Updated on November 9, 2015

List of Topics Included

(1) What is called electromeric effect?

(1/A) Understanding the terms, “substrate” and “reagent”

(2) Various types of electromeric effects and their symbols

(2/A) Pictorial representation of +E and -E effects

(3) Some characteristics of electromeric effect

(4) Understanding the meaning of electrophile and nucleophile

(5) Illustration of +E effect

(5/A) Equations showing mechanism of reaction between ethene and chlorine

(5/B) Evidence for existence of carbocation

(5/C) Pictorial representation of equations supporting existence of carbocation and +E effect

(6) Illustration of -E effect

(7) Difference between inductive effect and electromeric effect

(7/A) Table showing main points of difference between inductive effect and electromeric effect

(8) References

(1) What is Called, “Electromeric Effect?”

Definition of electromeric effect:

“The complete and spontaneous transfer of shared pair of π-electrons of a multiple bond, to one of the bonding atom, at the time of approaching reagent, is called electromeric effect”.

It is also known as E-effect. It is depicted by a curved arrow.

Due to complete transfer or migration of two π-electrons on one of the bonded atom, this effect results in development of unit positive and unit negative charges on bonded atoms.

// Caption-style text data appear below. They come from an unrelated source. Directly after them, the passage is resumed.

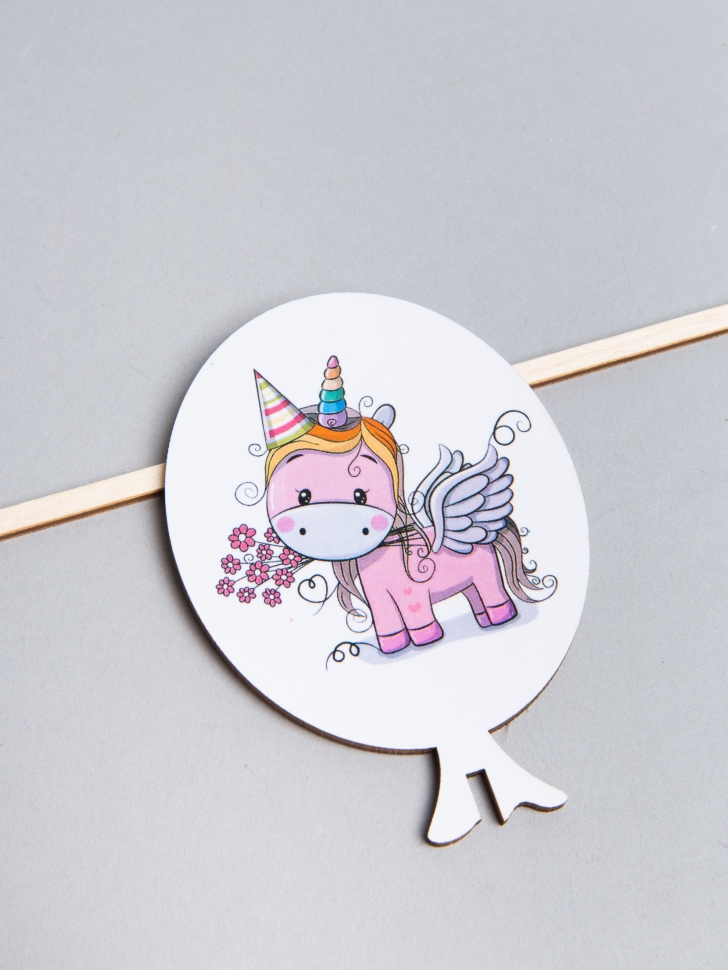 Вставка деревянная  Шар  7,5х10,5см Единорожка! Ш20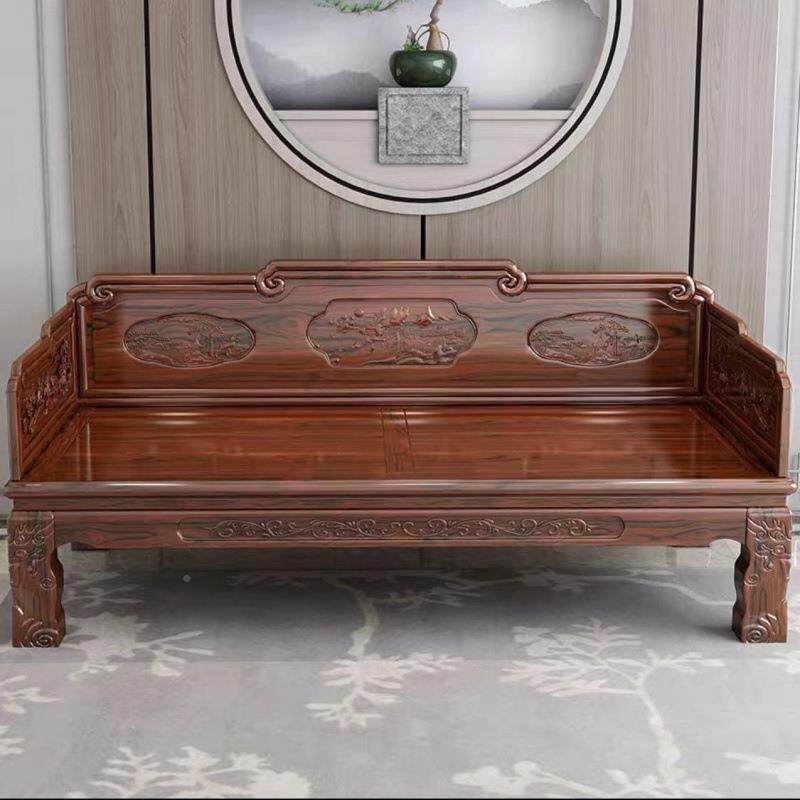 罗汉床新实中式木仿古沙明清古典宿发原木金花梨无品牌/木雕花民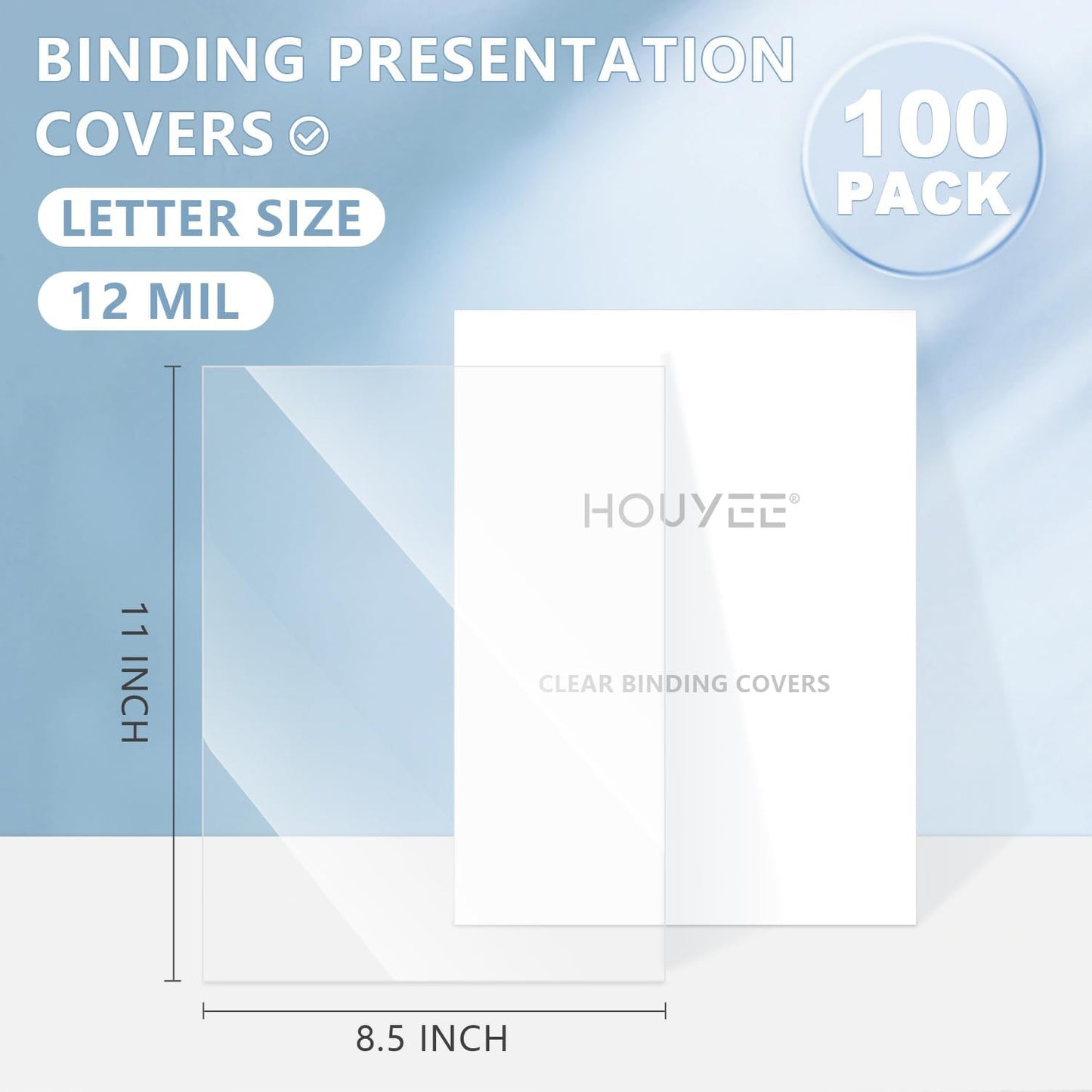 HOUYEE 100 Pack Clear Binding Presentation Covers, PVC Report Covers,12 Mil,8-1/2 x 11 Inches, Letter Size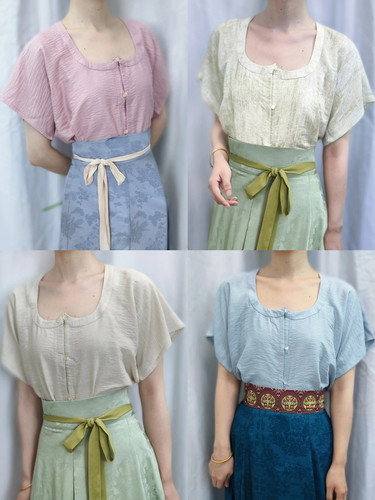 青泠谷夏季日常汉服亚麻混纺pp领短袖唐背子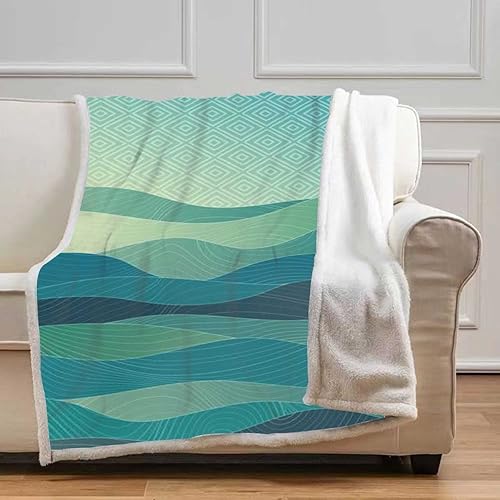 Miniatura 2 de Paisaje étnico japonés con patrón de onda de línea, ilustración de Cobijas Calientes para Invierno, mantas suaves de microfibra para decoración de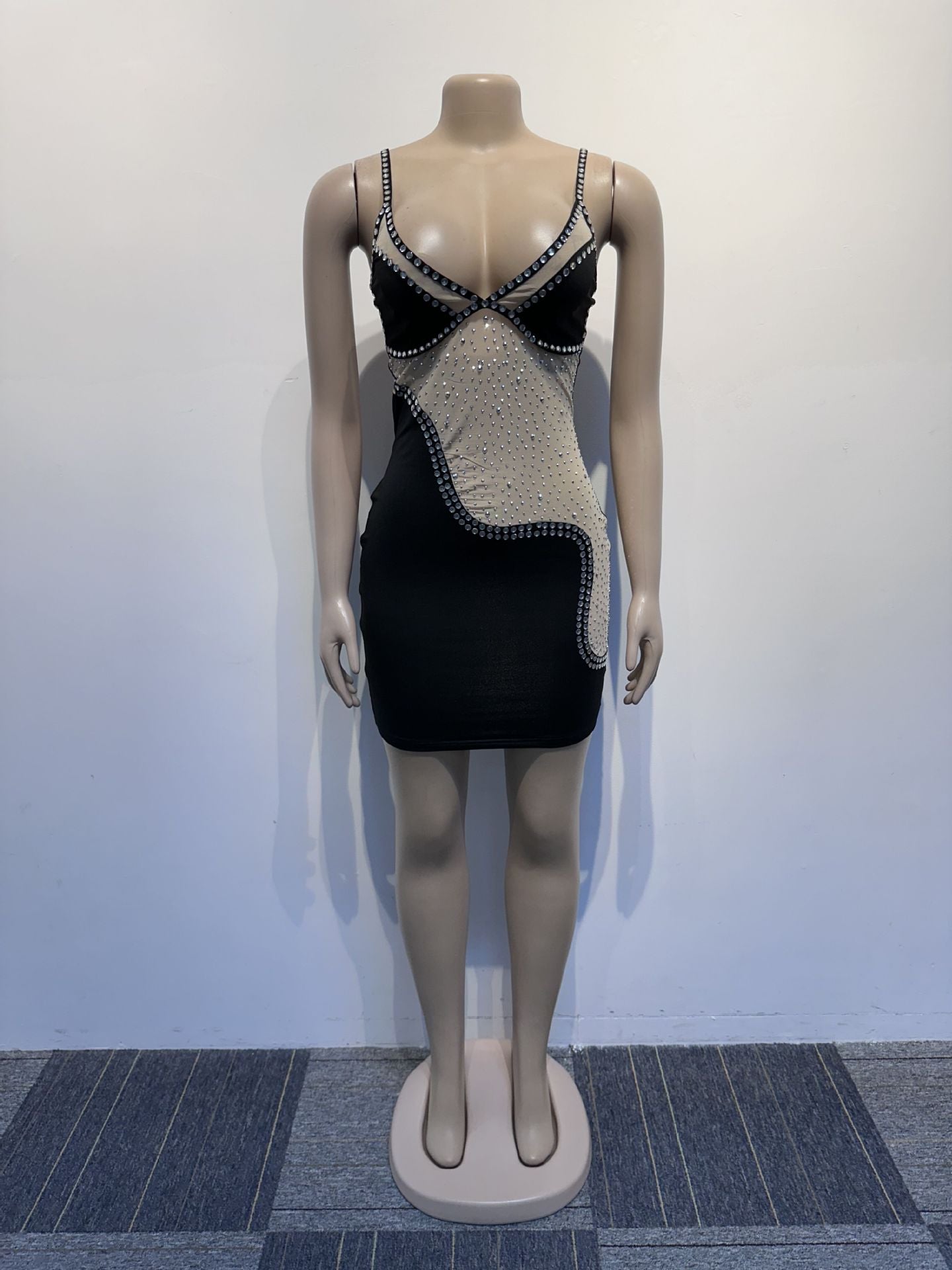 Women Beaded See Through Stretch Strap Bodycon Dress 10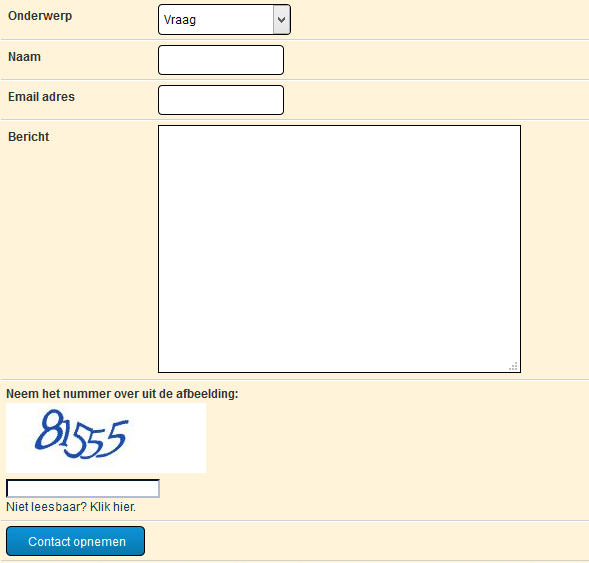 Contactplaats contactformulier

This results in increased attraction between substrate and reagent which in turn, helps chemical reaction.

This means, electromeric effect, always facilitates a chemical reaction. In other words, it increases chemical reactivity of substrate.

(1/A) Understanding the terms: “Substrate” and “Reagent”

Whenever a chemical reaction takes place, there are two participating species:

(1) Substrate and

(2) Reagent

Out of these two species, the one which is under observation, is called, “substrate”. In other words, substrate is part of our study because we are very much interested to know what happens to this particular species after reaction is over.

A species under investigation, is called, “substrate”.

On the other hand, reagent is a tool through which changes are introduced to substrate so as to gain knowledge about some of its chemical characteristics.

This will be clear from following example.

Consider a reaction between benzene and chlorine in presence of catalyst, "ferric chloride". As per following equation, the products of this reaction are chlorobenzene and hydrogen chloride.

C6H6 + Cl2 = C6H5Cl + HCl

In this reaction, benzene is under study hence it is called a substrate. We carry out this reaction to know what happens to benzene when treated with chlorine.

However, we do not bother, what happens to chlorine when it reacts with benzene. This means chlorine is not under investigation. Hence, chlorine is not a substrate but is a reagent.

(2) Various types of Electromeric Effects and their Symbols

There are two types of electromeric effects as described below.

(1) Detailed information about +E effect:

If the attacking reagent is an electrophile, it will attract the electron pair of π-bond due to its positive charge or due to its electron deficiency.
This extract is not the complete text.